Wednesday, April 3, 2019

More reviews of those little silver discs...

You will notice that the vast majority of these reviews are very positive in nature. For the record, I will note that I lean these days toward reviewing things that I suspect I will love or am curious to see. (I wrote for several decades about movies that were mere commercial pap.) When it comes to defining things I enjoy, we return to the Funhouse specialty: “high art to low trash… and back again.”

One of Brigitte Bardot’s most serious (and successful) performances was in suspense-master Henri-Georges Clouzot’s La Verite (1960). The Criterion release includes much information on Clouzot’s career, and his heavy penchant for terrorizing cast members (including his wife Vera).

More gems from the Dick Cavett archive emerge. In new sets from S’more Entertainment called “Inside the Minds of…” are a selection of interviews he did with comedians on his “later” shows (on PBS, USA, and CNBC). 

The wonderful character study Mikey and Nicky (1976) might not be the sort of genre-inversion it’s touted as by film critics on the Criterion release of the film, but it’s still a wonderfully acted crime picture with a (literally) killer ending.

Another underrated gem from post-WWII France, Panique (1946) by Julien Duvivier is a powerful story of a man unjustly accused of a crime.


Chris Marker’s The Owl’s Legacy (1989), from Icarus, is a sublime miniseries that explores the lasting influence of the ancient Greeks.
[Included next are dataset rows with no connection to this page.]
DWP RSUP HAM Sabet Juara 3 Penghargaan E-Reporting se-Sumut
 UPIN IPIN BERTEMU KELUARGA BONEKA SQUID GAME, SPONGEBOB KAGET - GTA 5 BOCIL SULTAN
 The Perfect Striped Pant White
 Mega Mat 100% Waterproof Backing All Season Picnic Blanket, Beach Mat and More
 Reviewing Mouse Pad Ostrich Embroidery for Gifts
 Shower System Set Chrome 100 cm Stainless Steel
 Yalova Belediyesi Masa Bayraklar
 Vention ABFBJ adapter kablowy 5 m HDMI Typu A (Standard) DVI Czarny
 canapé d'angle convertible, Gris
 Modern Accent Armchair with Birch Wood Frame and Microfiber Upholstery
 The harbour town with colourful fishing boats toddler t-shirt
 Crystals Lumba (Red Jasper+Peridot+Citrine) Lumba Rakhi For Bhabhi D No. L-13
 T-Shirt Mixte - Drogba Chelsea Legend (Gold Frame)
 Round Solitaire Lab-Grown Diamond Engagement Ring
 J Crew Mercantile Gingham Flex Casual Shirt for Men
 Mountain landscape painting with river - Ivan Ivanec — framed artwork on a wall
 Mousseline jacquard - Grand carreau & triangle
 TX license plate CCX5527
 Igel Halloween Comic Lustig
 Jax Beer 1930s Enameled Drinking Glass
It’s more linear and “normal” than most of Marker’s work, but it still has some beautiful moments and brilliant insights into the modern world (courtesy of a long-gone civilization). 

Fassbinder’s long-missing miniseries Eight Hours Are Not a Day (1972) finally got a release in the U.S. and while it is (again, that phrase) a lot more “normal” than his other work, when it focuses on a working class family’s struggles to get by, it is terrific (although a little more of Kurt Raab’s weirdness would’ve been beneficial). The Criterion release contains much background info on the series (including a discussion by participants on how it was cancelled after five shows, when it was supposed to run eight).

Star/co-scripter Chris Elliott and director/co-scripter Adam Resnick spend a good deal of the time putting down their film Cabin Boy (1994) in the supplements found in the new Kino Lorber release of the film. They’re wrong — the film might have been a personal failure for them, but it now has a well-earned cult and is far better than its initial, vicious reviews indicated.


Terrence Malick’s lyrical, abrasive, and mind-altering Tree of Life (2011) is found in two 
different versions in the new Criterion release of the film. One is the theatrical version, while the other is a re-edited version with 50 minutes of unseen footage.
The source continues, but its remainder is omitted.